**Assignment**:
Would you restate word for word the lines of the listing, beginning at the first and ending with the line that holds "徐州20年奔驰GLC7"?
□ □ □ □ □ □ □
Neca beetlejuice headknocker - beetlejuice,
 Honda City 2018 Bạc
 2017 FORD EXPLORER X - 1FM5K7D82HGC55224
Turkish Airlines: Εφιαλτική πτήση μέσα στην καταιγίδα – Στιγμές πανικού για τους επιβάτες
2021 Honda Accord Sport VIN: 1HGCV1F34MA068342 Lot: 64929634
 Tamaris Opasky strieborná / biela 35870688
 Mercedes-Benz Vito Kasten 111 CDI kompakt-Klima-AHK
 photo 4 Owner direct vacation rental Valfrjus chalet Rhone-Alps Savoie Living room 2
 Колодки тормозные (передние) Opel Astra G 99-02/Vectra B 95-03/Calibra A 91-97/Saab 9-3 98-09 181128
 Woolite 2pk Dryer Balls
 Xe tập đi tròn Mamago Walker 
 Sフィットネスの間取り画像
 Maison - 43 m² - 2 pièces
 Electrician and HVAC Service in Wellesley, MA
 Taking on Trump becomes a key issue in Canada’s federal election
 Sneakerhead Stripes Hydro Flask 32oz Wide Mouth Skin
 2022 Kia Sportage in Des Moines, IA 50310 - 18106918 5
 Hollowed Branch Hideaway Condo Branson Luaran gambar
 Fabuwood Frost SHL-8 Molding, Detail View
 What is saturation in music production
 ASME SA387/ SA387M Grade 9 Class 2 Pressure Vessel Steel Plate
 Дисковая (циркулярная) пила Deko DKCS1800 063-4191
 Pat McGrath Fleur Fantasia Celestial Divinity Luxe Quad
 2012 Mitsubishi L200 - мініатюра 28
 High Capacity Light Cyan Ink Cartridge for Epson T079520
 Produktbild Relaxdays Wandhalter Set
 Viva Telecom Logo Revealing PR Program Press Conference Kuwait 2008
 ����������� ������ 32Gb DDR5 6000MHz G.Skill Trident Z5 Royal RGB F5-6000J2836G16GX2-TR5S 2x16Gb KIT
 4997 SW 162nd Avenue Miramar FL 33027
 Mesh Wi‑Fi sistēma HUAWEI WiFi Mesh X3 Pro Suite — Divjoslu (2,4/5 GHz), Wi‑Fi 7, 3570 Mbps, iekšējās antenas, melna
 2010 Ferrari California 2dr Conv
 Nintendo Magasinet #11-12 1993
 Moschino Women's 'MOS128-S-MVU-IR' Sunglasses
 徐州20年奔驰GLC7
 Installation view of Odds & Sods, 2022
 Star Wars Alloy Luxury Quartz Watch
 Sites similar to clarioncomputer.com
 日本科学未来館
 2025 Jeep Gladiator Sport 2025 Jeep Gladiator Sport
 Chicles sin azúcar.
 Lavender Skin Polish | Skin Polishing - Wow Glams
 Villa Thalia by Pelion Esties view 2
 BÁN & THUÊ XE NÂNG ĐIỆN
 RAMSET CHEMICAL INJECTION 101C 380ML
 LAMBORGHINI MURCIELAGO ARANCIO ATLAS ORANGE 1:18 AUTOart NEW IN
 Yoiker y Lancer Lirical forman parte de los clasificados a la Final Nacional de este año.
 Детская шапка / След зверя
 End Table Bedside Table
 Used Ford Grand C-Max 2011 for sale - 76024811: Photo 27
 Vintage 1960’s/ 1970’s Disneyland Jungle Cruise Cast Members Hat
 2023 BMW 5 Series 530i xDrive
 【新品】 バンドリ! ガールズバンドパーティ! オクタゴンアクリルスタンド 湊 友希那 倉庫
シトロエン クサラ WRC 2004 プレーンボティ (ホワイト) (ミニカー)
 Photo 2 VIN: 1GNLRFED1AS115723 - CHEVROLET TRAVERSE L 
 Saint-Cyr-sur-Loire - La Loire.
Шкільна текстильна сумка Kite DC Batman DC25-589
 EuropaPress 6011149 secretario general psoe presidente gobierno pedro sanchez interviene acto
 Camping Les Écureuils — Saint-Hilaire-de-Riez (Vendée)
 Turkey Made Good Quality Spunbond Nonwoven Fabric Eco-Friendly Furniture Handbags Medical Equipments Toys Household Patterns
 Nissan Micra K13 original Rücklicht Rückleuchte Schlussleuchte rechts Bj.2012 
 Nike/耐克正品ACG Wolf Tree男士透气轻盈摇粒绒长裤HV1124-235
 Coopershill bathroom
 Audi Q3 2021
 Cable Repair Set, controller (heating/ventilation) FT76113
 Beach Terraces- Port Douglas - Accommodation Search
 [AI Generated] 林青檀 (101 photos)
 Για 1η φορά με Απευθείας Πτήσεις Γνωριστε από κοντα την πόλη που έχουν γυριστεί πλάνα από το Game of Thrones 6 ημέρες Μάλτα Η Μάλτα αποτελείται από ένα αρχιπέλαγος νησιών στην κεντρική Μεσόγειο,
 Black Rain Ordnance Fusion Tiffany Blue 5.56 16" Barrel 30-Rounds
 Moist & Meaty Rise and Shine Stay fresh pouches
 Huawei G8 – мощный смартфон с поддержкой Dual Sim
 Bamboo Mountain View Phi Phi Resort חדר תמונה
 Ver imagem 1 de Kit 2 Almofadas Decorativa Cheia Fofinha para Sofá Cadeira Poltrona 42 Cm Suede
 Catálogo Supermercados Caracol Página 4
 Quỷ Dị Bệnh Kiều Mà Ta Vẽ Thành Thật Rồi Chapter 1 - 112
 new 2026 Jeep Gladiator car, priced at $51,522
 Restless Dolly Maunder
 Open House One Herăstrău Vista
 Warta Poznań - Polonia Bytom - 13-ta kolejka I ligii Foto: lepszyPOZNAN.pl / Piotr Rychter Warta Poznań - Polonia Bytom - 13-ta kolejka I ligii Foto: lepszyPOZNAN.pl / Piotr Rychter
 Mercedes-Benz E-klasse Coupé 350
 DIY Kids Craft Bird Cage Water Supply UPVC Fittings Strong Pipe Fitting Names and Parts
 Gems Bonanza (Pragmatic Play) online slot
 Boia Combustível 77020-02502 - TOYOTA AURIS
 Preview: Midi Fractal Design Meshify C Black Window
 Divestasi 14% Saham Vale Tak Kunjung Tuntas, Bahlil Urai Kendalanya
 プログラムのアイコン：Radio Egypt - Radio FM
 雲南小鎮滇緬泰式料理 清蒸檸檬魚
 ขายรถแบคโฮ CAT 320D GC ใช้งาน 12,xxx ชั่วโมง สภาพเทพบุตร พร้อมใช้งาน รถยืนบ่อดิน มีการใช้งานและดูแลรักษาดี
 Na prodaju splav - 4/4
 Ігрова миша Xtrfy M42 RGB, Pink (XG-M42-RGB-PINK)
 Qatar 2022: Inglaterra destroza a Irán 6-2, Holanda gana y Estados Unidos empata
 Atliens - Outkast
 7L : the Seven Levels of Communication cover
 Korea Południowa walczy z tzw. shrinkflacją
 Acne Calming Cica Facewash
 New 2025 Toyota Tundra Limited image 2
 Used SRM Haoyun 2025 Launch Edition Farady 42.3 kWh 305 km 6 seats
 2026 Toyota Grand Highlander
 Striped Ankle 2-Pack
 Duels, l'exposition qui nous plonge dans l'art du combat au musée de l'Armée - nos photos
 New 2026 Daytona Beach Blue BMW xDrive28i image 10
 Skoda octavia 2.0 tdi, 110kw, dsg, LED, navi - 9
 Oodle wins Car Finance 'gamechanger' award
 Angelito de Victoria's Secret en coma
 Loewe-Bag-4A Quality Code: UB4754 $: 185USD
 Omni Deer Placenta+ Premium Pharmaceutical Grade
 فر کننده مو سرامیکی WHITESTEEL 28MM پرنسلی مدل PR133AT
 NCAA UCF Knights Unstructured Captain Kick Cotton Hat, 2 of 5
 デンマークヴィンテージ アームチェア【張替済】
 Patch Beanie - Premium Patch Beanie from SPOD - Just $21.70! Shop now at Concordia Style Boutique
□ □ □ □ □ □ □
**Your solution**:
Neca beetlejuice headknocker - beetlejuice,
 Honda City 2018 Bạc
 2017 FORD EXPLORER X - 1FM5K7D82HGC55224
Turkish Airlines: Εφιαλτική πτήση μέσα στην καταιγίδα – Στιγμές πανικού για τους επιβάτες
2021 Honda Accord Sport VIN: 1HGCV1F34MA068342 Lot: 64929634
 Tamaris Opasky strieborná / biela 35870688
 Mercedes-Benz Vito Kasten 111 CDI kompakt-Klima-AHK
 photo 4 Owner direct vacation rental Valfrjus chalet Rhone-Alps Savoie Living room 2
 Колодки тормозные (передние) Opel Astra G 99-02/Vectra B 95-03/Calibra A 91-97/Saab 9-3 98-09 181128
 Woolite 2pk Dryer Balls
 Xe tập đi tròn Mamago Walker 
 Sフィットネスの間取り画像
 Maison - 43 m² - 2 pièces
 Electrician and HVAC Service in Wellesley, MA
 Taking on Trump becomes a key issue in Canada’s federal election
 Sneakerhead Stripes Hydro Flask 32oz Wide Mouth Skin
 2022 Kia Sportage in Des Moines, IA 50310 - 18106918 5
 Hollowed Branch Hideaway Condo Branson Luaran gambar
 Fabuwood Frost SHL-8 Molding, Detail View
 What is saturation in music production
 ASME SA387/ SA387M Grade 9 Class 2 Pressure Vessel Steel Plate
 Дисковая (циркулярная) пила Deko DKCS1800 063-4191
 Pat McGrath Fleur Fantasia Celestial Divinity Luxe Quad
 2012 Mitsubishi L200 - мініатюра 28
 High Capacity Light Cyan Ink Cartridge for Epson T079520
 Produktbild Relaxdays Wandhalter Set
 Viva Telecom Logo Revealing PR Program Press Conference Kuwait 2008
 ����������� ������ 32Gb DDR5 6000MHz G.Skill Trident Z5 Royal RGB F5-6000J2836G16GX2-TR5S 2x16Gb KIT
 4997 SW 162nd Avenue Miramar FL 33027
 Mesh Wi‑Fi sistēma HUAWEI WiFi Mesh X3 Pro Suite — Divjoslu (2,4/5 GHz), Wi‑Fi 7, 3570 Mbps, iekšējās antenas, melna
 2010 Ferrari California 2dr Conv
 Nintendo Magasinet #11-12 1993
 Moschino Women's 'MOS128-S-MVU-IR' Sunglasses
 徐州20年奔驰GLC7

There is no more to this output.